Segment Open
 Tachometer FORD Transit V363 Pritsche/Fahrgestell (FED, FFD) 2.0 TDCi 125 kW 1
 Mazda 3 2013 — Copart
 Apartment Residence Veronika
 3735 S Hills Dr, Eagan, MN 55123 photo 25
Segment Closed
Segment Open
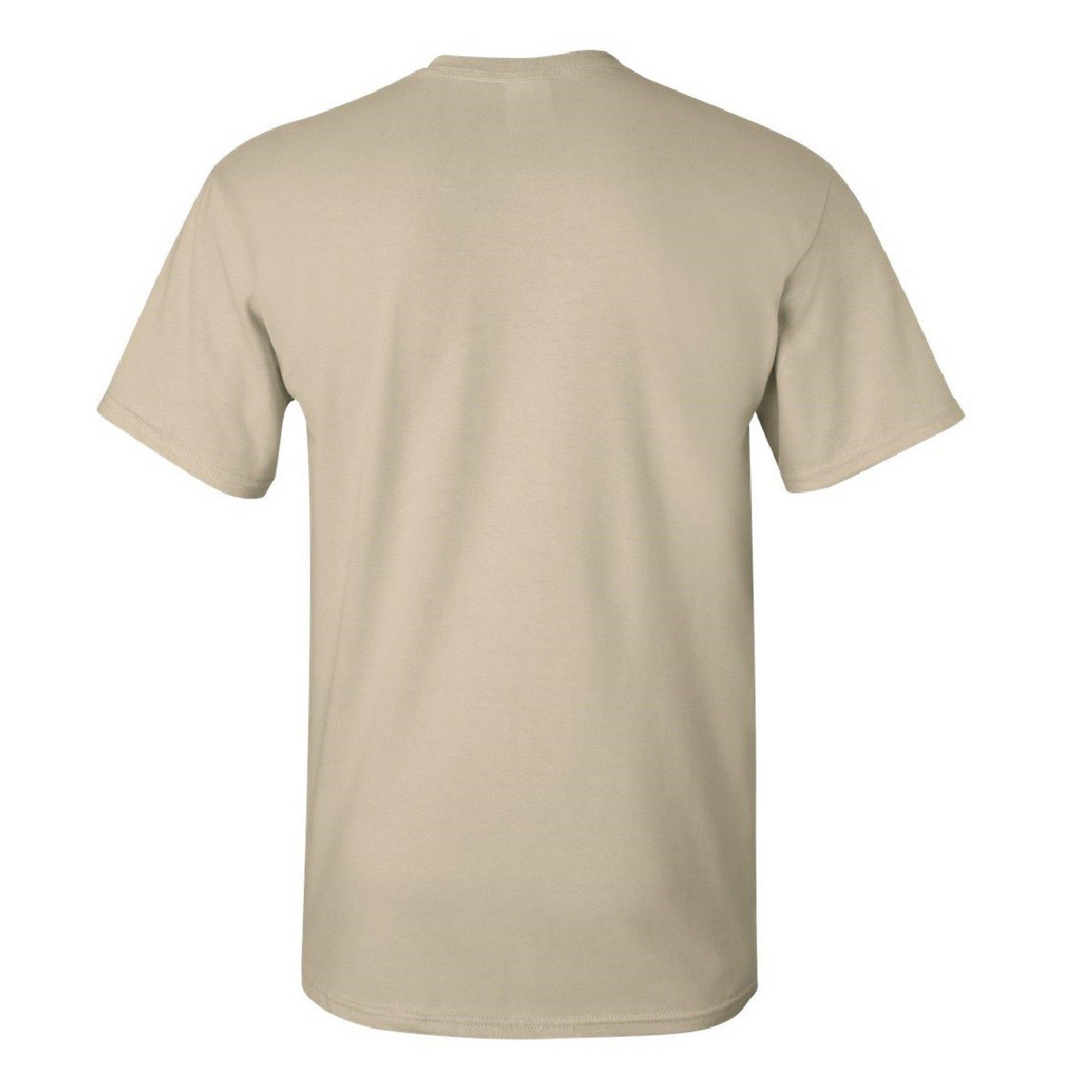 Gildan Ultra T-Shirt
Segment Closed
Print, without alteration, only the lines above between the one holding "Tachometer FORD Transit" and the one holding "3735 S Hills Dr, Eagan, MN 55123 photo 25", inclusive.

EXPECTED ANSWER:
 Tachometer FORD Transit V363 Pritsche/Fahrgestell (FED, FFD) 2.0 TDCi 125 kW 1
 Mazda 3 2013 — Copart
 Apartment Residence Veronika
 3735 S Hills Dr, Eagan, MN 55123 photo 25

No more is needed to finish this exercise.